* Data provided *
- - -

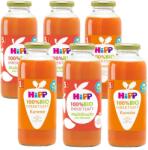 HiPP Bio Direktsaft 100% vegyes gyümölcslé 5 hónapos kortól 330 ml - careclub - 4 299 Ft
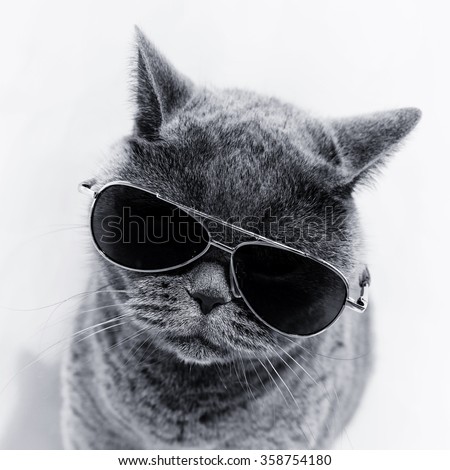 Cat In Sunglasses Stock Photos, Images, & Pictures | Shutterstock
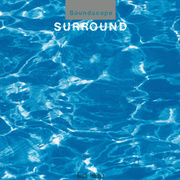 Surround (Black Vinyl)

- - -

* Required action *
Here the job is to print all the data exactly, skipping any image.

* Answer to this problem *
 HiPP Bio Direktsaft 100% vegyes gyümölcslé 5 hónapos kortól 330 ml - careclub - 4 299 Ft
 Cat In Sunglasses Stock Photos, Images, & Pictures | Shutterstock
 Surround (Black Vinyl)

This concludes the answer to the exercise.